Photo Credit: Penguin Random House
by Imogen Lambert
We are living in an age of book covers that pander to social media users, viewing their prospective purchases on small smartphone screens. Publishers have to know their particular audience, and their books must be able to catch your eye immediately. But must universal success always come in the form of bold strokes of bright colour and block titles that swallow up the page?
One way publishers attempt to entice you as a reader is by cultural analysis. Covers of books sold in more than one country often differ in an attempt to appeal to their individual market. In a 2016 study investigating brightness, hue, and saturation of book covers from the Amazon Bestsellers list of 13 different countries, significant differences were found. Japan had the least amount of saturation in their book covers, whereas France and India had darker and more saturated colours. The countries that used a greater variety of hue and brightness were the UK and US, the largest publishing industries in the world.

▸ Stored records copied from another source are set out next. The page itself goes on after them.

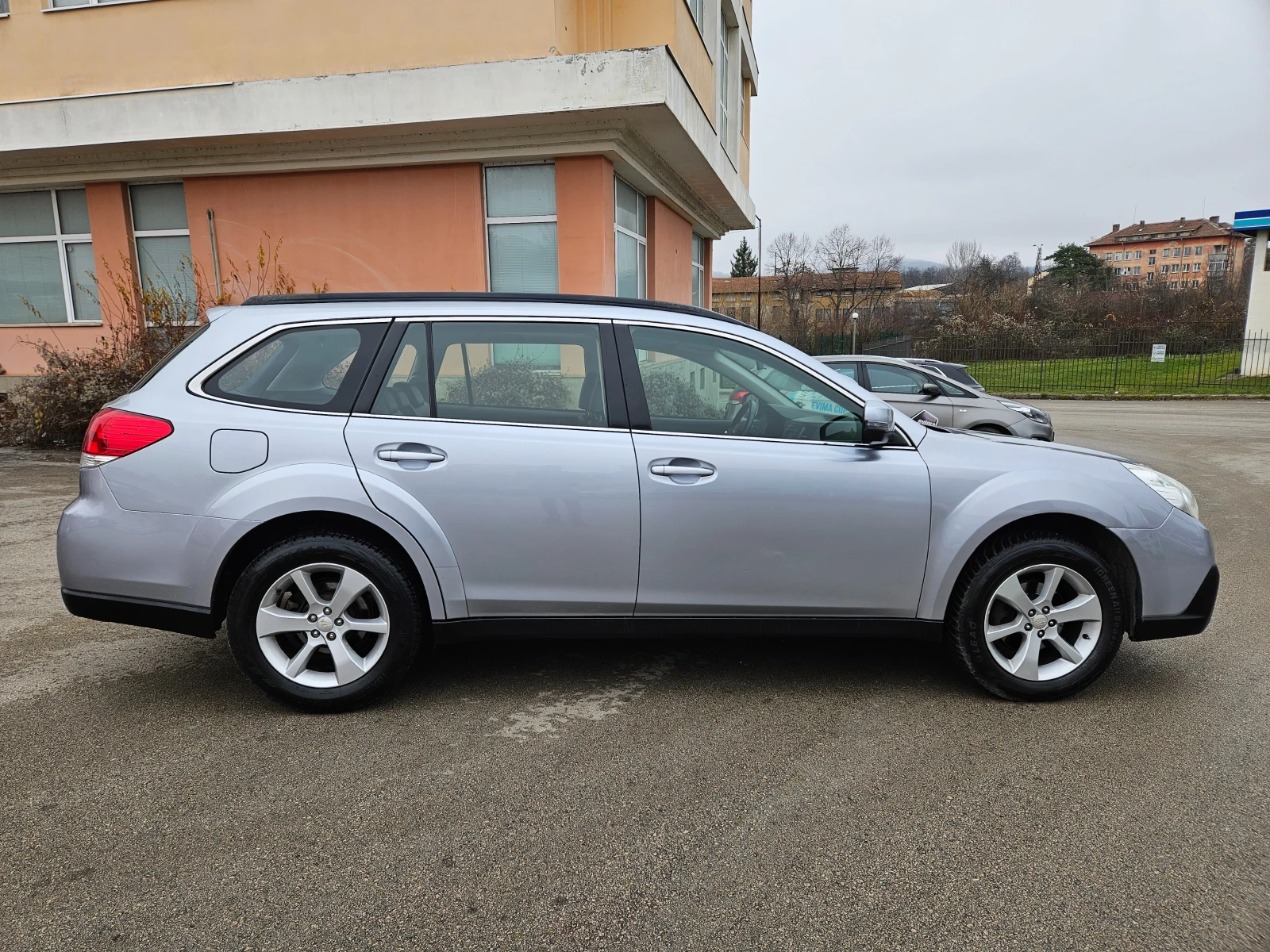 Subaru Outback 2.5 AWD кожа подгрев Камера газ-бензин - изображение 3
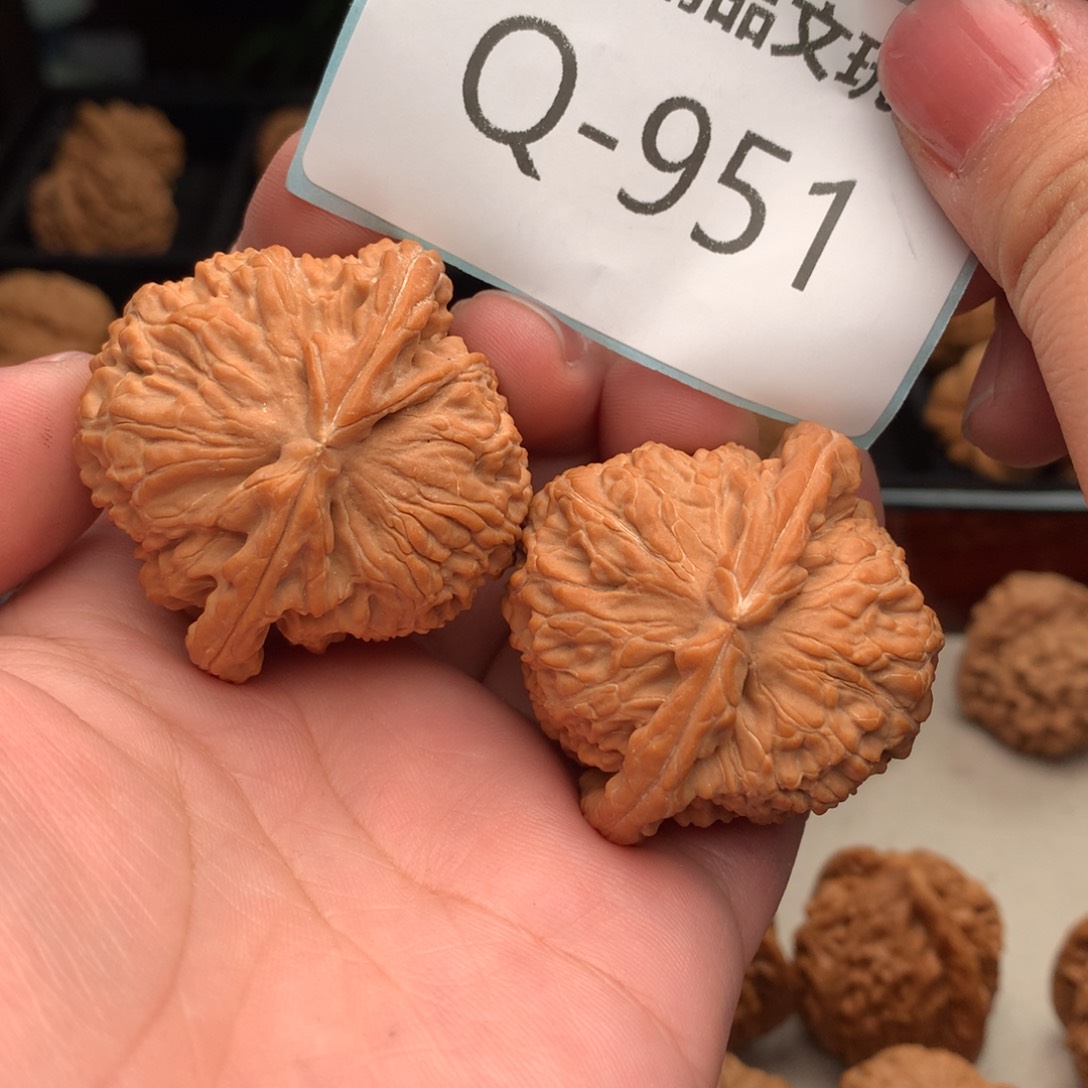 文玩核桃把件44球白……….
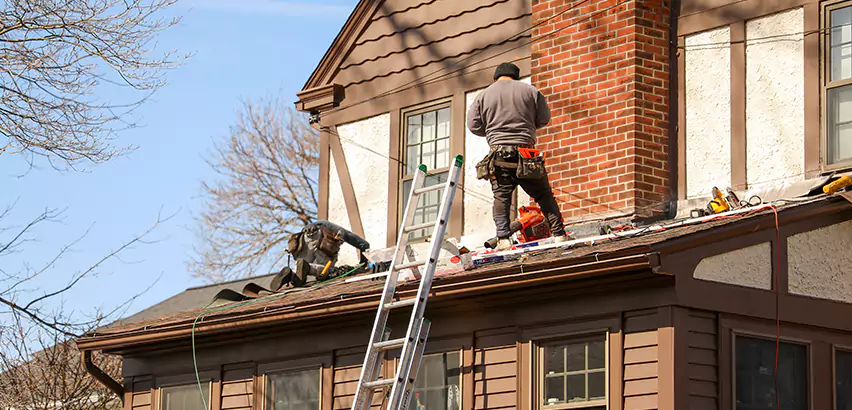 Roof Siding Trim Repair in Mount Vernon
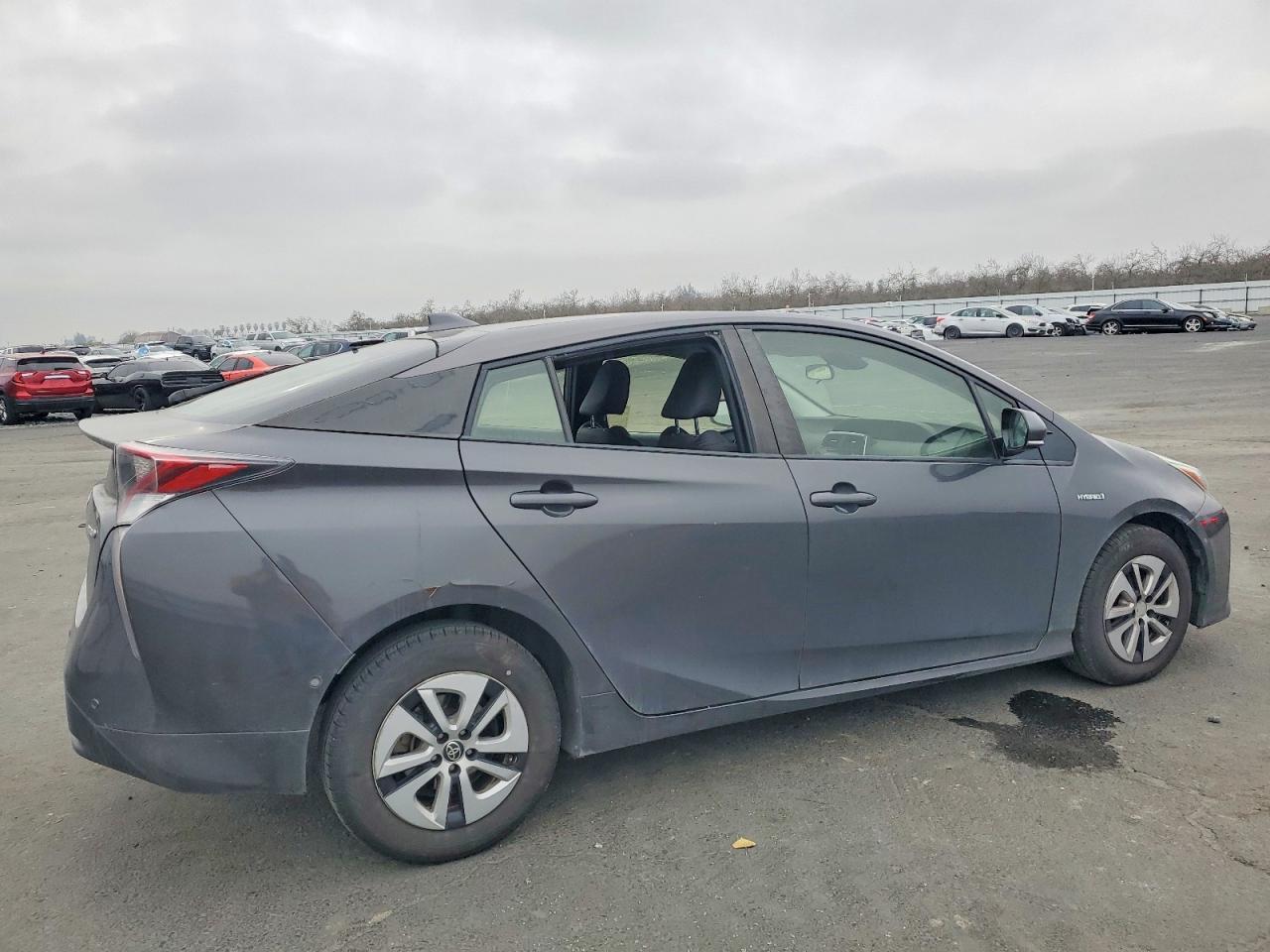 2018 TOYOTA PRIUS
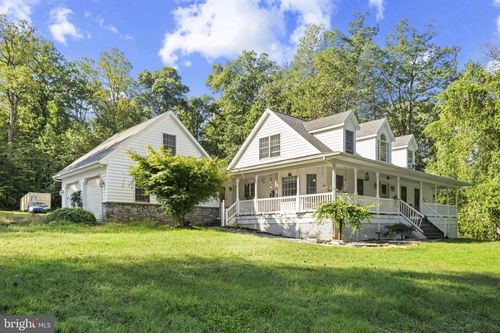 194 Cook Rd, DELTA, PA, 17314-8825 | Card Image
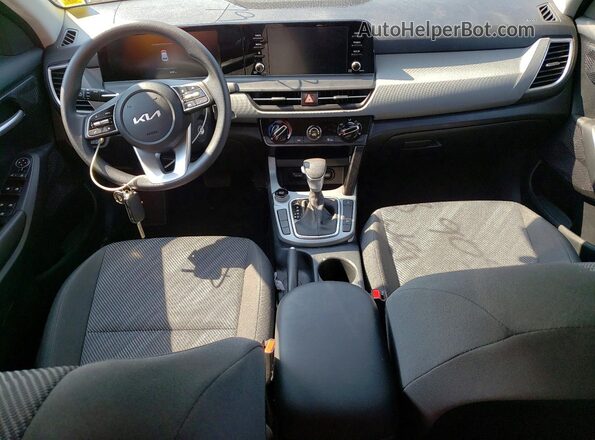 KNDEPCAA1T7946792 2026 KIA SELTOS Black Vista del salpicadero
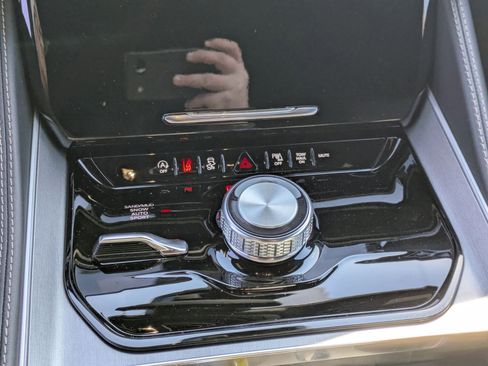 New 2026 Jeep Grand Wagoneer Limited w/ Premium Group II image 20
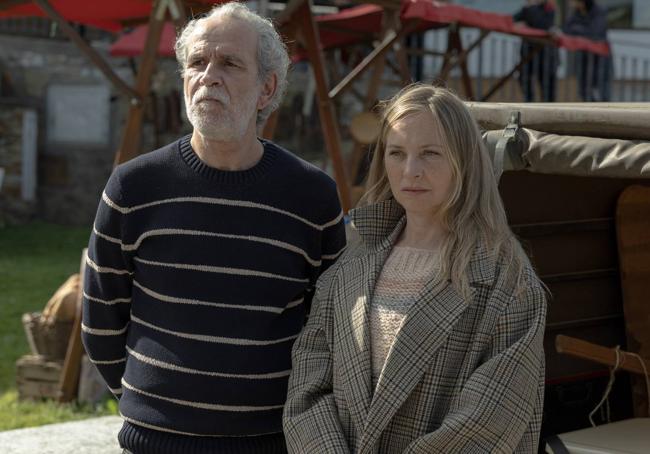Willy Toledo y Pilar Castro en la serie.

If a publisher understands the fine detail of their audience’s tastes in brightness, hue and saturation, it’s easy to assume that they have their audience down to a tee, though this isn’t the case. Rethinking ‘Diversity’ in Publishing, a study in partnership with Goldsmiths, University of London investigated diversity in trade fiction and the publishing industry in the UK. The first of the study’s main findings was that ‘the core audience for publishers is white and middle class. The whole industry is essentially set up to cater for this one audience’.
‘There remains a fear that featuring a racial or ethnic minority person on the cover [of a book] could lead to diminished sales’, the study says. Further findings revealed that publishers used certain methods to present books written by people of colour. This included white-washing character of colour on the cover and ‘softly, exoticis[ing]’ the difference between the people of colour on the cover and the publisher’s ‘core audience’ of white, middle-class readers.
The pandemic forced many of us to source our reading material online, and as a result, we pushed past everyone’s favourite idiom, and judged books by their covers. But we still exist in a climate where publishers judge us to make their books as marketable and attractive as possible, a world which preceded the hours of scrolling through Instagram and Tiktok for book recommendations. But their judgement is way out. In the UK and all over the world, there are people of colour who have been waiting long enough to see themselves represented in literature without being altered for white acceptance. A publisher’s idea of who their audience is gatekeeps swathes of individuals that have valuable criticisms and ideas about books, their covers, and the publishing industry as a whole.